RADIAZIONE DEL “MANIFESTO” DAL PCI

   di Franco Astengo

Quarant'anni fa, il 24-25 Novembre 1969, in conclusione di un ampio e complesso dibattito in corso ormai da molti mesi, il Comitato Centrale del PCI votava l'esclusione dal partito degli esponenti del gruppo che aveva dato vita alla rivista “Il Manifesto”: oggi il quotidiano che  ancora reca quell'insegna ha dedicato un inserto speciale alla ricorrenza, ricco di molti ed autorevoli punti di vista.

Purtuttavia mi è parso il caso di tentare una sintesi delle posizioni di allora per cercare di fornire un contributo di assoluta sintesi ad un dibattito su quelle vicende che, oggi nel momento in cui la sinistra comunista in Italia non opera più attivamente da tempo (almeno dal seminario di Arco, dell'autunno 1990) almeno in forma collettiva, potrebbe essere utilmente ripreso, almeno sul piano storiografico.

Il “Manifesto” nacque come un'iniziativa di frontiera: un tentativo di mettere in relazione la tradizione originale , in allora ancora vitale, del comunismo italiano con le esperienze e le culture del '68, che ebbero anch'esse, e non a caso, proprio in Italia una durata maggiore e coinvolsero, oltre a giovani e studenti, operai, intellettuali, pezzi di sindacato e di mondo cattolico.

Il tentativo è quello di mettere in evidenza una storia controfattuale, una potenzialità che pure esisteva nella sinistra italiana di anticipare e di dare carattere offensivo a quel radicale rinnovamento che i tempi richiedevano e che poi, invece, le è stato imposto dalla sconfitta, ed è avvenuta nel segno dell'abiura.
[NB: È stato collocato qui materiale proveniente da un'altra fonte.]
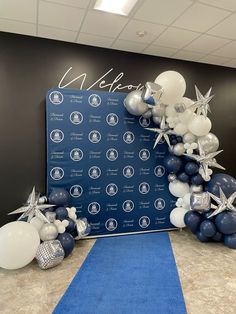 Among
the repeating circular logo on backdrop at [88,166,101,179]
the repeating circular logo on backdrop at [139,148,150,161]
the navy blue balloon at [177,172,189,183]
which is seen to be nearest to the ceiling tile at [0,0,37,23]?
the repeating circular logo on backdrop at [88,166,101,179]

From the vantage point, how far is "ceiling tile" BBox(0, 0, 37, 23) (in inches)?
107

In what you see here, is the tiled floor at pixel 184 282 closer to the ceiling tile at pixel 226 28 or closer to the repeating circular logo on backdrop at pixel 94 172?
the repeating circular logo on backdrop at pixel 94 172

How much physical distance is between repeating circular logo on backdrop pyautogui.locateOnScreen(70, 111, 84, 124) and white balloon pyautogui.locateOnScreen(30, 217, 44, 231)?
4.83ft

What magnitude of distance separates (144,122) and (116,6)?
168 cm

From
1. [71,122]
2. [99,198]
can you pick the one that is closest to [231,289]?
[99,198]

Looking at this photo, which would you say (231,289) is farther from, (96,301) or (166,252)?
(96,301)

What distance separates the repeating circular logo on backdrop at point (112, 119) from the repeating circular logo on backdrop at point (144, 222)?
1.59 metres

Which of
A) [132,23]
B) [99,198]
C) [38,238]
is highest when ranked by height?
[132,23]

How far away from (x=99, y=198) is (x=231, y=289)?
2057 mm

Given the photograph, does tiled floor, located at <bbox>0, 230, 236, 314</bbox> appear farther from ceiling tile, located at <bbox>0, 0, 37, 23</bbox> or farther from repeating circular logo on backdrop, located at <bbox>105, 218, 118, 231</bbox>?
ceiling tile, located at <bbox>0, 0, 37, 23</bbox>

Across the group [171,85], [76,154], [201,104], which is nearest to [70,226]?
[76,154]

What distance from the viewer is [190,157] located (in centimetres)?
361

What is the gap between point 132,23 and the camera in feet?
10.3

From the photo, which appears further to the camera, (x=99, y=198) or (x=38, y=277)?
(x=99, y=198) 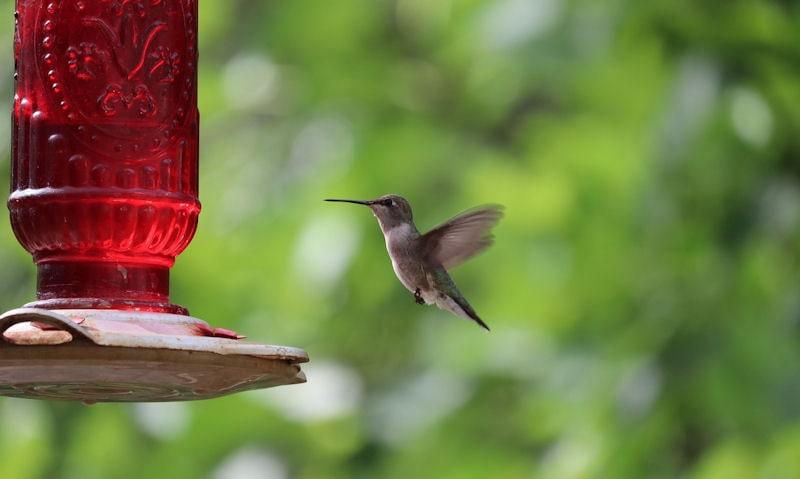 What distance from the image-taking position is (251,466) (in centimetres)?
844

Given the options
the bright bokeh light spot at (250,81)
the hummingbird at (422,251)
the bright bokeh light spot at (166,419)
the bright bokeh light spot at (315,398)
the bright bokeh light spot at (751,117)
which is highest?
the bright bokeh light spot at (751,117)

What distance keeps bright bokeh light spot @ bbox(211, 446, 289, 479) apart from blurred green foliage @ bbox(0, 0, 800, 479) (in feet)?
0.05

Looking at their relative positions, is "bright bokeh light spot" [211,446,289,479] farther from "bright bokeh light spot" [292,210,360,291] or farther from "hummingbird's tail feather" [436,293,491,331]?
"hummingbird's tail feather" [436,293,491,331]

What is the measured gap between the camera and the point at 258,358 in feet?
11.1

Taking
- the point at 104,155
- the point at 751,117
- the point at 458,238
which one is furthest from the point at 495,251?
the point at 104,155

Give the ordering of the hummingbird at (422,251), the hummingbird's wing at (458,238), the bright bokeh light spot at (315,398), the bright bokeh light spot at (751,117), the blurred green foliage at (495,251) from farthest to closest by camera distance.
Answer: the bright bokeh light spot at (315,398)
the blurred green foliage at (495,251)
the bright bokeh light spot at (751,117)
the hummingbird at (422,251)
the hummingbird's wing at (458,238)

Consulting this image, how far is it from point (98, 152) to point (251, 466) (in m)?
4.70

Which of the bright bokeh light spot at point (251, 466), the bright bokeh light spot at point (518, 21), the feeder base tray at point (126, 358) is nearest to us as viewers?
the feeder base tray at point (126, 358)

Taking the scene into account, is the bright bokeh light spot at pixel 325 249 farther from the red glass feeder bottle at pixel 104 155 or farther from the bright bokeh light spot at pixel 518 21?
the red glass feeder bottle at pixel 104 155

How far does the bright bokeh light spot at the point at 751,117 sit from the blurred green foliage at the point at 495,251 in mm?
18


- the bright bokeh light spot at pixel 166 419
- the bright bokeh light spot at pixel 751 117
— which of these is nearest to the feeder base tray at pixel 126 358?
the bright bokeh light spot at pixel 751 117

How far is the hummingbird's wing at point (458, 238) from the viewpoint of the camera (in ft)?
16.2

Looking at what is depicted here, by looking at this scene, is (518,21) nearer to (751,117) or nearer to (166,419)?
(751,117)

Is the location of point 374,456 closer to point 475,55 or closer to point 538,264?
point 538,264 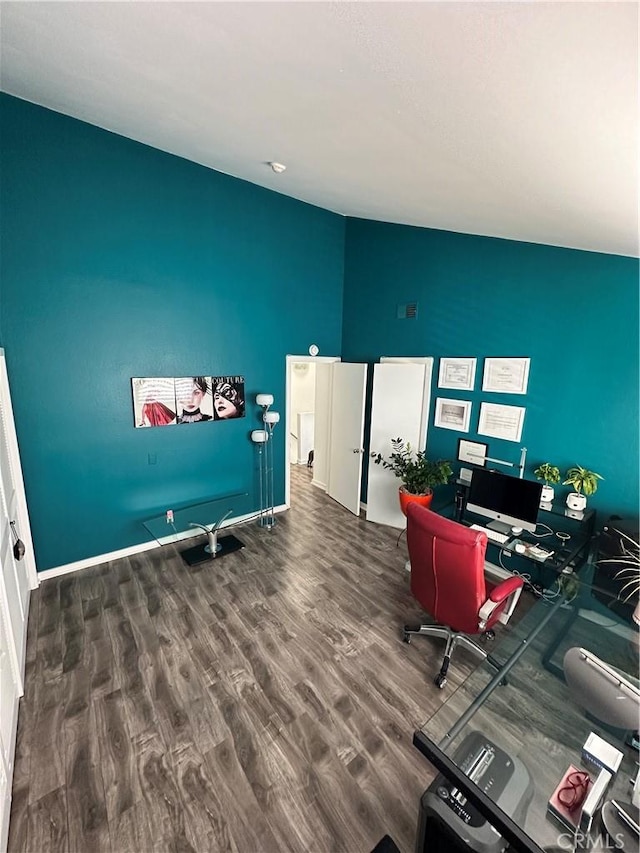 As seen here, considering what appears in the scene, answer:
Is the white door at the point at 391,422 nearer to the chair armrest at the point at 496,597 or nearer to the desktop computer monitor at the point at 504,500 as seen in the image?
the desktop computer monitor at the point at 504,500

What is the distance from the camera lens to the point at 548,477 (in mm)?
2947

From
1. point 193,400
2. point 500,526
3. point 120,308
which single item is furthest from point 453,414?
point 120,308

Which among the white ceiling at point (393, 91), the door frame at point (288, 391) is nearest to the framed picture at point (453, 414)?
the white ceiling at point (393, 91)

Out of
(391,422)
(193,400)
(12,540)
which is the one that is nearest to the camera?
(12,540)

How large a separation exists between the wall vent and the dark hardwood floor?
9.57 ft

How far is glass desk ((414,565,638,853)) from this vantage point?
109cm

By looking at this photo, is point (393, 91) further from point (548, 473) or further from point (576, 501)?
point (576, 501)

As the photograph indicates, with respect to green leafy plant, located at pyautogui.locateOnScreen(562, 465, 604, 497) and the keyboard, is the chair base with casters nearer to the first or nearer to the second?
the keyboard

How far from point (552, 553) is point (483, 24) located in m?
2.96

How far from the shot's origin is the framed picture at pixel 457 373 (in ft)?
11.8

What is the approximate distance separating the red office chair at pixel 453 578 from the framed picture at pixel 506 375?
1708 mm

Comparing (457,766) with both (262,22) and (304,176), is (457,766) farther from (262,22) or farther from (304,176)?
(304,176)

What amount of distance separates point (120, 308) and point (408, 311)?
122 inches

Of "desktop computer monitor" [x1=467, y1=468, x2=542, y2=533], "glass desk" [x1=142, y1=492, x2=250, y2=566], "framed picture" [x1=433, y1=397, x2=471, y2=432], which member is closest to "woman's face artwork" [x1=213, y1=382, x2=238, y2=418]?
"glass desk" [x1=142, y1=492, x2=250, y2=566] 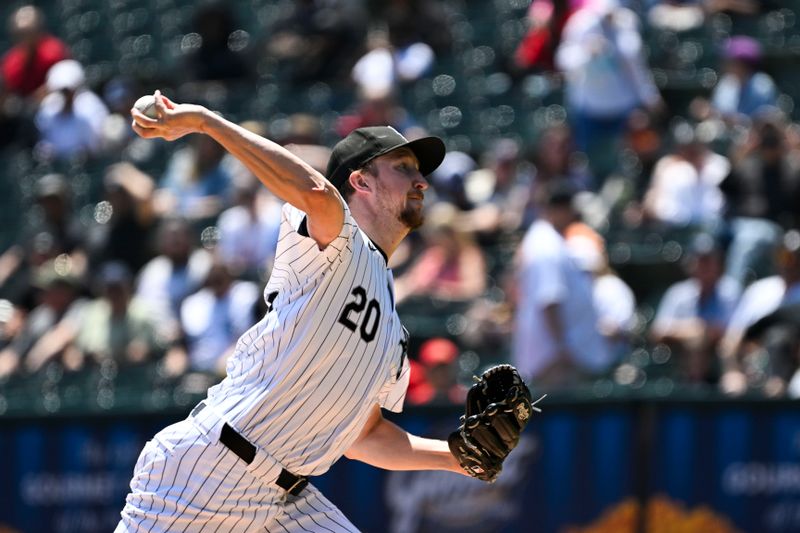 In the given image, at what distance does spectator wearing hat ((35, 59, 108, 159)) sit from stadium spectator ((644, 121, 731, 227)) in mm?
4741

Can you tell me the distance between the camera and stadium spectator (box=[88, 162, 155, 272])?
10797mm

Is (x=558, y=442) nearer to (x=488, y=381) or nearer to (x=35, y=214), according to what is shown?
(x=488, y=381)

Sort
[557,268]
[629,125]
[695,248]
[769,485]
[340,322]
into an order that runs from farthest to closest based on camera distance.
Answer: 1. [629,125]
2. [695,248]
3. [557,268]
4. [769,485]
5. [340,322]

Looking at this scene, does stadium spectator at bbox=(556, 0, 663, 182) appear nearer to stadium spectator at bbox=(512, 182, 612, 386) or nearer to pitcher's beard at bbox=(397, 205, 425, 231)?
stadium spectator at bbox=(512, 182, 612, 386)

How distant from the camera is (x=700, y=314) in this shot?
9180 mm

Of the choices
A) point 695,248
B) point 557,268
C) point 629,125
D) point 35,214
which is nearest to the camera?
point 557,268

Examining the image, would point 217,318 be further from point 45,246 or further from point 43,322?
point 45,246

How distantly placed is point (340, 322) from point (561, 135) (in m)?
6.04

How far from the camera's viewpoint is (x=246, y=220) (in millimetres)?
10375

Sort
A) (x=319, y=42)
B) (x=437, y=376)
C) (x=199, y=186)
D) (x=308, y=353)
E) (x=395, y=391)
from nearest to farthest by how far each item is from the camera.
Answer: (x=308, y=353)
(x=395, y=391)
(x=437, y=376)
(x=199, y=186)
(x=319, y=42)

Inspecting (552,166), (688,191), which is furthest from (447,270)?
(688,191)

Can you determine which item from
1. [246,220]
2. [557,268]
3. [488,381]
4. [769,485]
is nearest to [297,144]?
[246,220]

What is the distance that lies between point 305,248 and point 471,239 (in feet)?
18.7

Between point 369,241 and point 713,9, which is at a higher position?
point 369,241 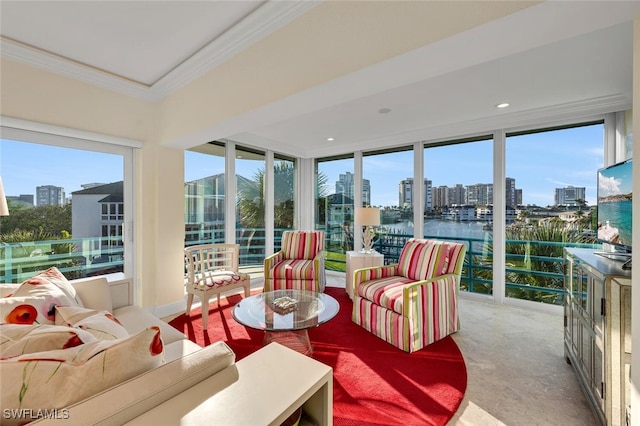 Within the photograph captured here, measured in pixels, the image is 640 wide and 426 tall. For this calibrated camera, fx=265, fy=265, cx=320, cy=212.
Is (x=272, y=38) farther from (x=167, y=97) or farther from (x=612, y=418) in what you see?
(x=612, y=418)

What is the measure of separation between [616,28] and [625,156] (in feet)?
5.89

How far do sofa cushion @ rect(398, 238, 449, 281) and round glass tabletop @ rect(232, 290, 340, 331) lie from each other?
3.20 ft

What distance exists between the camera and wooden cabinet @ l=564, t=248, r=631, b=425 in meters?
1.32

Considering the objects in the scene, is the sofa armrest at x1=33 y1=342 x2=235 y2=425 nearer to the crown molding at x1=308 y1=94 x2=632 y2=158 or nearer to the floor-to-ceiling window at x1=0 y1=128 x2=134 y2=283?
the floor-to-ceiling window at x1=0 y1=128 x2=134 y2=283

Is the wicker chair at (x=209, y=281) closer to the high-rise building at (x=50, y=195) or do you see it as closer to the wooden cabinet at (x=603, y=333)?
the high-rise building at (x=50, y=195)

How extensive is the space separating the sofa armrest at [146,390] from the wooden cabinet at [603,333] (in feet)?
6.11

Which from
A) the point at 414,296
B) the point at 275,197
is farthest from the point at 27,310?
the point at 275,197

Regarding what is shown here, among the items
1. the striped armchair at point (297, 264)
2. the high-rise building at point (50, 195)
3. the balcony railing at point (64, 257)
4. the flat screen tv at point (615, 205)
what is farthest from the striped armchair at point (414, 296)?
the high-rise building at point (50, 195)

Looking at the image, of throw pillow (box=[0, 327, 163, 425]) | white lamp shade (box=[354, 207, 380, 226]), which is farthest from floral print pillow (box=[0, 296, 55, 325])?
white lamp shade (box=[354, 207, 380, 226])

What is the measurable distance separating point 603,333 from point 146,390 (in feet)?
6.97

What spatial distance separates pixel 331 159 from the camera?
538 cm

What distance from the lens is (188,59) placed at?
245 cm

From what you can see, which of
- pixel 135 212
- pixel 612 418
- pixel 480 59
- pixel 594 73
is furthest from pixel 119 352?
pixel 594 73

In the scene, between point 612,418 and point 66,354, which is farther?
point 612,418
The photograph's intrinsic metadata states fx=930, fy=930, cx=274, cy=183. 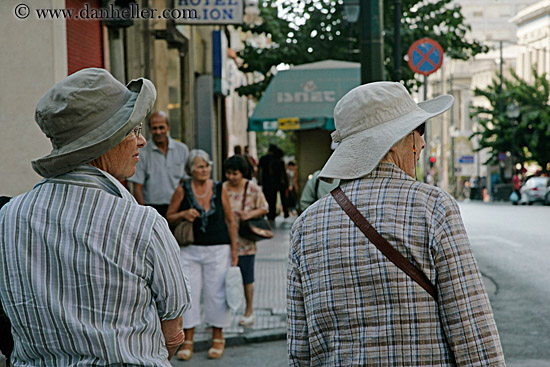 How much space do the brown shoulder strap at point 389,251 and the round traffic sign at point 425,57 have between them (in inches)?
584

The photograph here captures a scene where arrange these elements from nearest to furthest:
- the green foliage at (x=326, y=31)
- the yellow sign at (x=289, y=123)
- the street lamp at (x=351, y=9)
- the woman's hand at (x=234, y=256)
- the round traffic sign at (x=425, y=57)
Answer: the woman's hand at (x=234, y=256) < the street lamp at (x=351, y=9) < the yellow sign at (x=289, y=123) < the round traffic sign at (x=425, y=57) < the green foliage at (x=326, y=31)

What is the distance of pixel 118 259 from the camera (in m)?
2.55

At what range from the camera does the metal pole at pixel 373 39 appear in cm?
895

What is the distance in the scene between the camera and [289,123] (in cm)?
1602

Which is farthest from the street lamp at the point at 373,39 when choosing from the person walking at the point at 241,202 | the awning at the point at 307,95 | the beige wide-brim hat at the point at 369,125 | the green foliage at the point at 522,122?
the green foliage at the point at 522,122

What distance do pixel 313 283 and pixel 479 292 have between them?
0.52 meters

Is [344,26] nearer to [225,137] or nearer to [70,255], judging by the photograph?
[225,137]

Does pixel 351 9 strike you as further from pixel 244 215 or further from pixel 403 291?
pixel 403 291

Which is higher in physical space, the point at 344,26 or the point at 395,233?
the point at 344,26

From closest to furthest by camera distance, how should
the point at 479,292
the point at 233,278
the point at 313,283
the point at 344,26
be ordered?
the point at 479,292
the point at 313,283
the point at 233,278
the point at 344,26

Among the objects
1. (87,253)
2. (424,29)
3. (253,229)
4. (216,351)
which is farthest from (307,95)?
(87,253)

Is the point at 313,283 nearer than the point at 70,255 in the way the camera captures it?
No

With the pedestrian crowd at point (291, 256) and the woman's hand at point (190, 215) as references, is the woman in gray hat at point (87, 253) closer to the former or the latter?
the pedestrian crowd at point (291, 256)

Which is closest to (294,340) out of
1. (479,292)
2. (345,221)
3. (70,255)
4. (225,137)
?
(345,221) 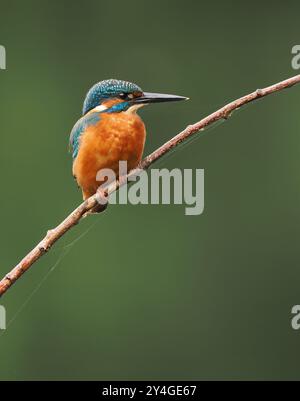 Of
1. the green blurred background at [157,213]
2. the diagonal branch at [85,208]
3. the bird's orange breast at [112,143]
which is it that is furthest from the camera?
the green blurred background at [157,213]

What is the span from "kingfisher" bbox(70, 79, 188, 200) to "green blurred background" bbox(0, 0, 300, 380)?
2.84 m

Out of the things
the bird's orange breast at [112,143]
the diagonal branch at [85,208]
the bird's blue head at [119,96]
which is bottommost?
the diagonal branch at [85,208]

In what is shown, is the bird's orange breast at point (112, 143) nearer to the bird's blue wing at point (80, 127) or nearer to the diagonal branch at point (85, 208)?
→ the bird's blue wing at point (80, 127)

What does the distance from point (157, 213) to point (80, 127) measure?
355 cm

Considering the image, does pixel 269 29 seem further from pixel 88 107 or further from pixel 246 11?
pixel 88 107

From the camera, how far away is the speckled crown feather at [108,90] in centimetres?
304

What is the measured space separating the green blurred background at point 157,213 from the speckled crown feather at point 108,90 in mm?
2838

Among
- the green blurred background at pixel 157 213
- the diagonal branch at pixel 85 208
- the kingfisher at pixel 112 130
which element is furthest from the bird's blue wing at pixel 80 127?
the green blurred background at pixel 157 213

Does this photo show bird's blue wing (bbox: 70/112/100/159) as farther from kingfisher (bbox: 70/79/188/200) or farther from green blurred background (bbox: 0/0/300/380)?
green blurred background (bbox: 0/0/300/380)

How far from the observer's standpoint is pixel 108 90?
3.08 metres

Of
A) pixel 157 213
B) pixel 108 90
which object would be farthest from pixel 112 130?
pixel 157 213

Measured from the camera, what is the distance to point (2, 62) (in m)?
6.51

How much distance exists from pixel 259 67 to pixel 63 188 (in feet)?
5.70

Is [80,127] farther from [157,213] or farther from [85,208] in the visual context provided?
[157,213] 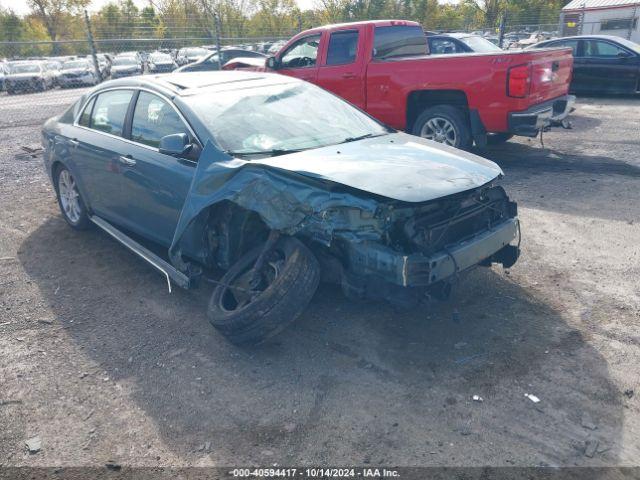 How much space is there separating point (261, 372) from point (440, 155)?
6.65 ft

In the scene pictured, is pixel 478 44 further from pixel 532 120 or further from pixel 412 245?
pixel 412 245

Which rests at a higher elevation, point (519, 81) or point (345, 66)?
point (345, 66)

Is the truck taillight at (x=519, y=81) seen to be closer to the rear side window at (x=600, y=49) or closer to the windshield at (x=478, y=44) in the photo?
the windshield at (x=478, y=44)

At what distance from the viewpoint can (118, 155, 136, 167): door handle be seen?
15.7 ft

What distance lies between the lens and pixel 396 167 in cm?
377

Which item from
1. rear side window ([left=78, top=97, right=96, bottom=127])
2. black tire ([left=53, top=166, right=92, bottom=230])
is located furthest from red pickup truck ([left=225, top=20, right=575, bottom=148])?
black tire ([left=53, top=166, right=92, bottom=230])

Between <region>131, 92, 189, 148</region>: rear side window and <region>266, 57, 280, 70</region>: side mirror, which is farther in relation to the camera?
<region>266, 57, 280, 70</region>: side mirror

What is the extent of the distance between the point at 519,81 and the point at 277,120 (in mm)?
3943

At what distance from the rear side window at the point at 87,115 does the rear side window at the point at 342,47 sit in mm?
4118

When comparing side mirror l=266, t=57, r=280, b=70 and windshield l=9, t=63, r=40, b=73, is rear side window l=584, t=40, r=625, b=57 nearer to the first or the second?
side mirror l=266, t=57, r=280, b=70

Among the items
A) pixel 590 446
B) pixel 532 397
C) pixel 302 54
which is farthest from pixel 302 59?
pixel 590 446

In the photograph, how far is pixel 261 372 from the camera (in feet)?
11.8

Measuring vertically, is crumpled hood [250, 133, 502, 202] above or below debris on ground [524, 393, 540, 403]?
above

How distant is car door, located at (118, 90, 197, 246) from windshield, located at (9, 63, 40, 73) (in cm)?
2326
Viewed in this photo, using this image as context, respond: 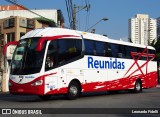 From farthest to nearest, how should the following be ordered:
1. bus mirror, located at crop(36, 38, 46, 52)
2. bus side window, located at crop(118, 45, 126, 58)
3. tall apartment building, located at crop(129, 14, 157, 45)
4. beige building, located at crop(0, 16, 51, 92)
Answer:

Il primo passo di ogni storia è fissare una periodizzazione: in questo caso è necessari risalire alle vicende della sinistra comunista negli anni'60.

In quella fase  si presentarono, per la prima volta, i problemi della crisi della rivoluzione d'Ottobre e della ristrutturazione della società occidentale.

Il Partito Comunista vi fu attraversato e vi si impegnò dimostrando grande vitalità.

Fu in quel periodo che, sia pure in forma minoritaria ma per lungo tempo non ghettizzata, si formarono le idee fondative del “Manifesto” e si avviarono anche esperienze pratiche che avevano inciso nel grande corpo del partito e nel movimento di massa.

Cercando di riassumere vanno posti in evidenza, sul piano delle idee, almeno tra filoni di ricerca.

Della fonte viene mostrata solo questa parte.